Any decision to allow companies to pay market makers to trade their securities would violate long-standing industry practice in the U.S., as well as the Financial Industry Regulatory Authority’s Rule 5250, implemented in 1997. Overriding that rule is the SEC’s main concern, according to a filing by the regulator in July.

Regulators and industry officials have long harbored concerns over permitting issuers to pay for market making. The fear is that the dealer will manipulate a stock’s price to create the illusion of interest in the security.

The concerns date back to at least 1973, when the SEC advised Monroe Securities not to charge an issuer to quote its stock. At the time, the SEC said such a move “would appear to be inadvisable” in light of federal securities laws.

Nasdaq and others argue, however, that barring a dealer from accepting payment to quote a stock is not the same as barring him from accepting payment to quote an ETF. A market maker would find it difficult to skew the price of an ETF for very long because it is based on an index, which is reset throughout the day, they contend.

Back in 1997, when FINRA puts its rule on the books, exchange-traded funds were rare. The regulator had common stocks in mind, not securities whose prices are derived from those of common stocks.

Of the two exchanges, Nasdaq has taken the greatest pains to craft a plan that would not violate the spirit of FINRA Rule 5250. Both exchange proposals require the ETF sponsor to pay the exchange, which will then pay the market maker. They do not permit the sponsor to pay the market maker directly.

But Nasdaq’s proposal’s goes one step further, requiring market makers to meet certain quoting and trading standards to receive payment.

In addition, those payments will be based on how often the market maker is quoting at or better than the national best bid or offer, how much size it is quoting at the NBBO and how many shares it trades.

Arca’s proposal, on the other hand, requires no more of the exchange’s lead market makers than it already asks of them. That aspect of Arca’s proposal has drawn criticism from some quarters.

Mutual fund firm Vanguard, for instance, opposes the Arca proposal. The asset manager told the SEC in a letter that Arca “should impose materially higher performance standards” on its lead market makers (LMMs).

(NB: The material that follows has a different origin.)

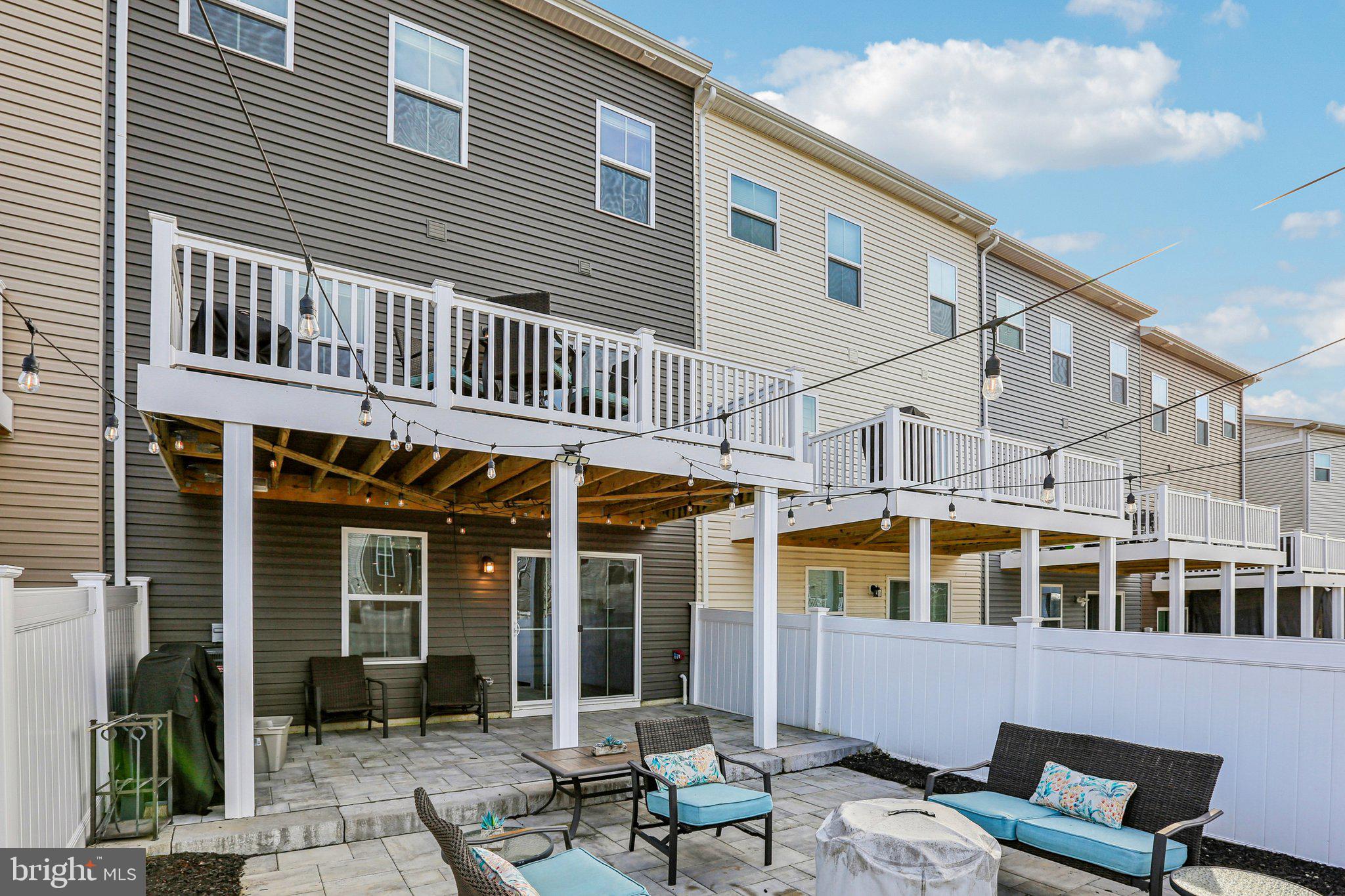 8002 Quail Rise Lane Laurel, MD 20723 - Photo 29 of 34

The proposals strictly target ETF sponsors, but Nasdaq, at least, has indicated that such programs could benefit a broad swath of operating companies.

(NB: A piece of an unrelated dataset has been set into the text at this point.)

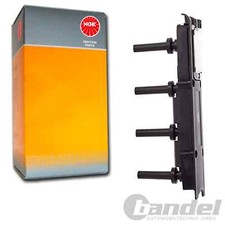 BOBINE D'ALLUMAGE OPEL 2.2 16V 00-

“The SEC should allow companies to pay for market quality,” Ed Knight, general counsel and executive vice president at Nasdaq OMX, testified before the Senate Committee on Banking last year. “This has worked in our Nordic markets.”

If its reaction to Nasdaq’s first proposal, submitted in 2011, is any indication, the SEC is not enthusiastic about expanding coverage to operating companies. The proposal was geared exclusively to ETF sponsors, but the wording was open-ended. In it, the exchange-which had recently won SEC approval for its BX Venture Market-noted that its program could benefit all companies, not just ETFs.

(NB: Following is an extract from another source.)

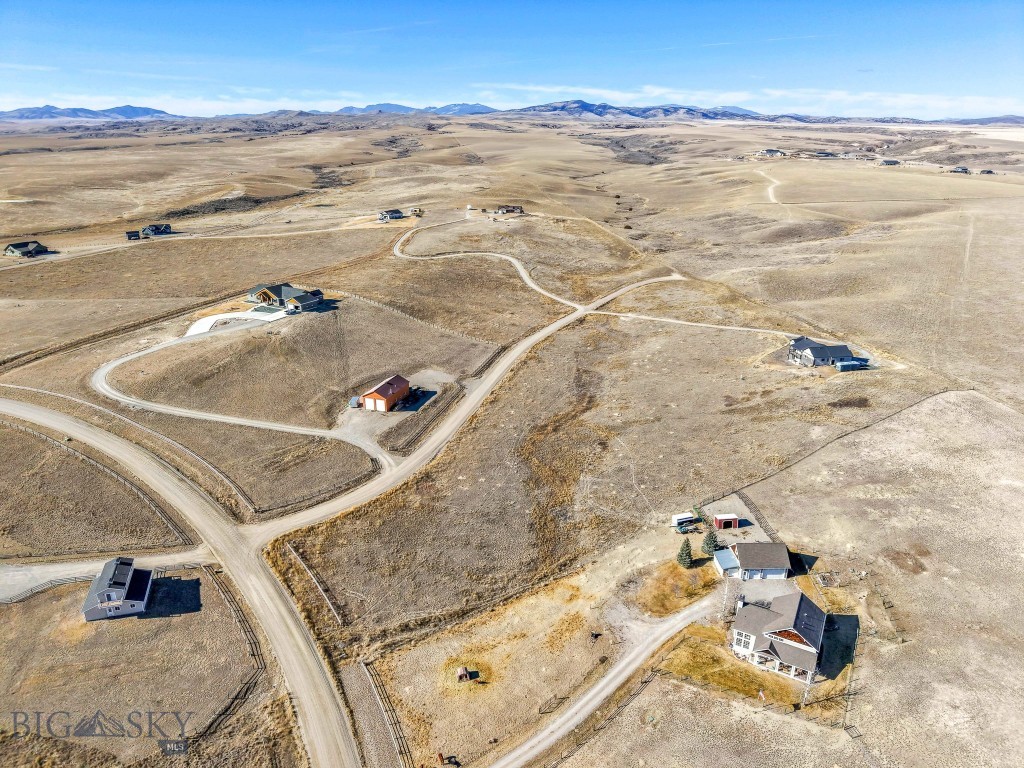 Rolling Glen Ranch - Land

The SEC declined to even consider that version. Nasdaq subsequently tightened up the language so there could be no doubt the proposal was solely targeting ETFs.

Still, pressure on the SEC to permit operating companies to pay for market making lurks in the background. In July, a bill co-sponsored by Reps. Patrick McHenry, R, N.C., and Scott Garrett, R-N.J., known as the “Liquidity Enhancement for Small Companies Act,” was introduced in the House and is sitting in committee.

In Canada and Europe, the practice has been accepted for years. A study last year by academics of the practice on the Oslo Stock Exchange found it improved liquidity in the target stocks, Nasdaq informed the SEC.

On Canada’s TSX Venture Exchange, the practice is legal as long as the contract between the dealer and the issuer is done on a fee-for-service basis. It cannot be structured so as to encourage a market maker to achieve any volume or price targets.

Longtime Toronto Stock Exchange market makers Independent Trading Group recently entered into an arrangement with a TSX Venture company called Aldridge Minerals to quote its stock. For Independent Trading, this was just good business.

“We’re branching out,” Independent president Dave Houlding said. “We’re looking to establish relationships with Venture firms before they get to Toronto.”